Pigments & the clarinet choir – Léon-Gontran Damas’s Poetry
Voici un projet original et très intéressant : mettre en musique des poèmes de l’auteur guyanais Léon-Gontran Damas. Fondateur du mouvement de la Négritude, avec Aimé Césaire et Léopold Sédar Senghor, il est une des voix majeures du XXe siècle. Né à Cayenne, il a poursuivi ses études secondaires à Fort de France avant de gagner Paris pour suivre des études supérieures de droit et fréquenter les hauts lieux de l’africanité de la capitale française. Comme le dit Senghor dans son Anthologie de la nouvelle poésie nègre de 1969, la poésie de Damas « est faite des mots de tous les jours, nobles ou grossiers, le plus souvent des mots les plus simples. Le tout soumis au rythme du tam tam car, chez Damas, le rythme l’emporte sur la mélodie ». Damas, cet « Orphée noir » (Sartre), revendique ses racines « nègres » face au monde blanc, notamment face aux sermons de sa mère, inspirés du plus pur colonialisme assimilateur : « Il m’est revenu que vous n’étiez encore pas à votre leçon de violon / un banjo, vous dites un banjo / vous saurez qu’on ne souffre chez moi ni ban / ni jo / les mulâtres ne font pas ça / laissez donc ça aux nègres » (« Pigments »).

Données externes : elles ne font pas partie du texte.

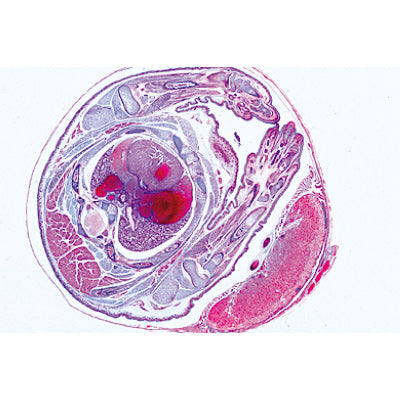 Series V. Genetics, Reproduction and Embryology - Portuguese Slides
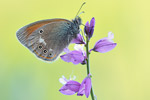 Rostbraunes Wiesenvögelchen Coenonympha glycerion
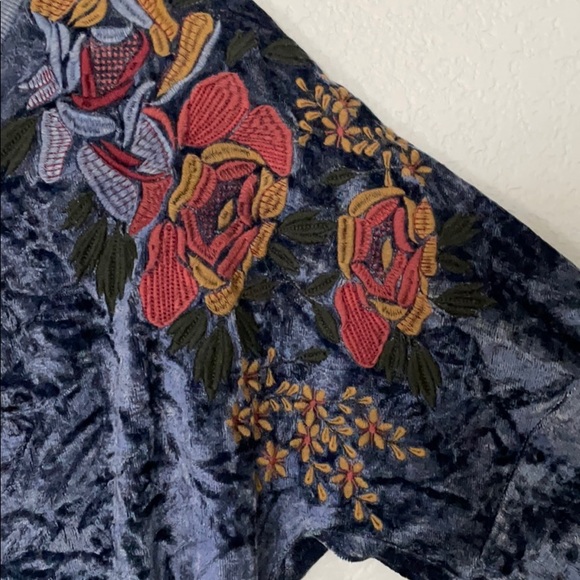 Velvet Embroidered Sweatshirt - Picture 5 of 6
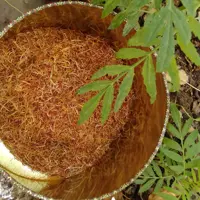 خامه زعفران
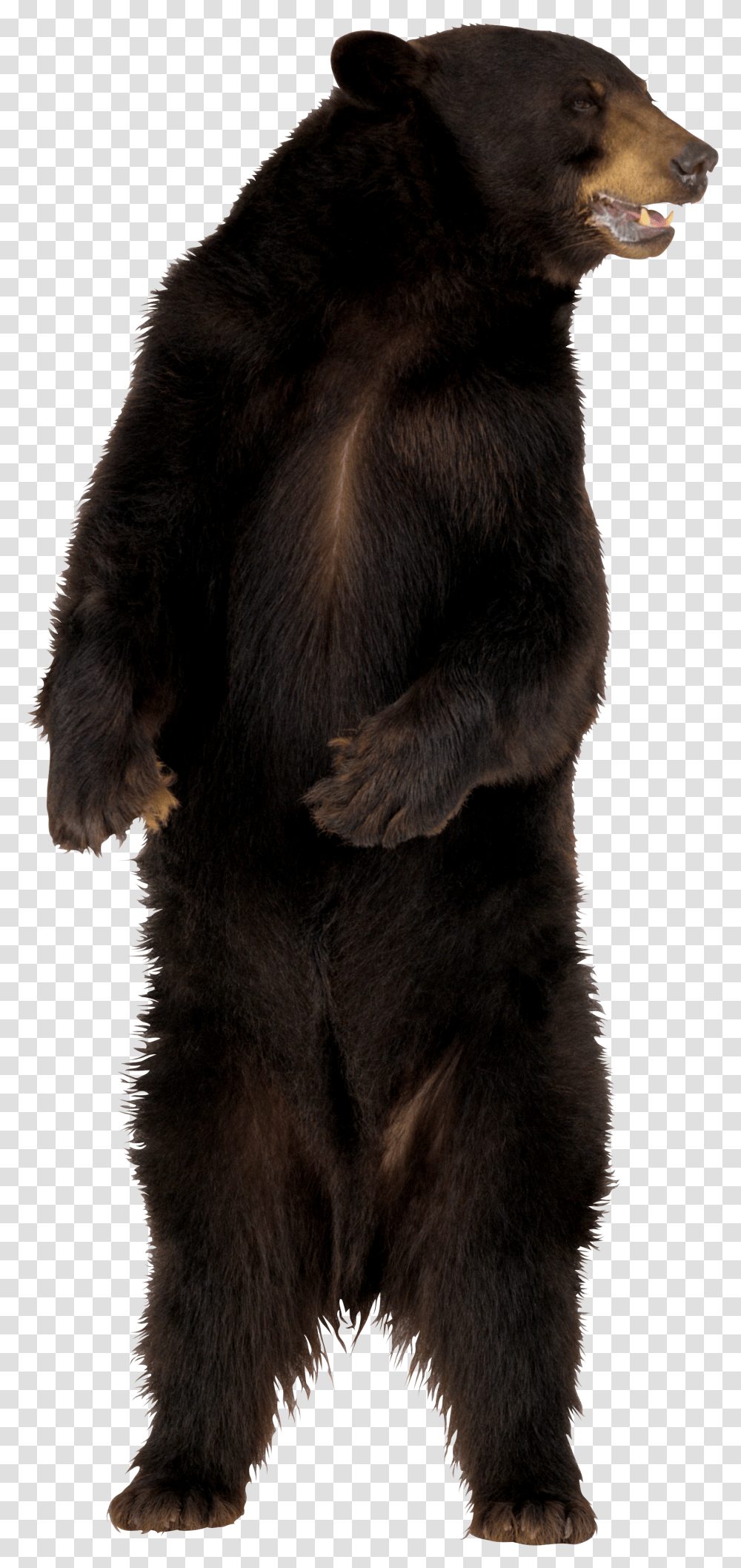 Bear, Animals Transparent Png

Ici, l’album reprend 12 titres de « Pigments », un recueil de 1937. A la base du projet, Guillaume Hazebrouck qui a toujours manifesté un intérêt pour les musiques hors sentiers battus (Mompou, Threadgill, Sun Ra), au travers de différents média artistiques. Il a formé la Cie Frasques en compagnie du clarinettiste Olivier Thémines avec qui il a déjà rendu hommage à Coltrane et à Yusef Lateef. A la voix, avec une tonalité récitatrice très vigoureuse plutôt qu’au slam annoncé par la pochette, le Congolais Nina Kibuanda, comédien et slameur aux multiples expériences (collaboration avec des musiciens traditionnels ou de jazz, auteur de recueils comme « Baisers de ma solitude » ou « Mots en fleurs », créateur des formations Bouche de crocodile et Cordes sensibles et interprète de l’opéra « Les Sauvages » co-produit par Nantes Opéra et la Cie Frasques de Guillaume Hazebrouck. A la basse électrique, le soutien vigoureux d’Olivier Carole. Quant au Clarinet Choir, il est composé de Julien Stilla et Nicolas Audouin, sous la direction d’Olivier Thémines qui a déjà collaboré avec Hazebrouck (« Frasques et sketches » ou « Miniatures » en trio). Aux 12 textes du cédé (« A Call ») répondent, en guise de dialogue, d’autres suggérés (« Response »). Après une intro nerveuse de piano, le premier texte, « Blanchi », est scandé sur un ton très vigoureux : « Se peut-il donc qu’ils osent / me traiter de blanchi / alors que tout en moi / aspire à n’être que nègre / autant que mon Afrique / qu’ils ont cambriolée ». Avec « Le Vent », le ton se radoucit comme pour « Il est des nuits ». Les textes se suivent sur le rythme cadencé d’un piano omniprésent, une basse obsédante et le chœur des clarinettes qui donne des colorations plus paisibles au duo voix / piano. Une belle réussite pour un projet ambitieux.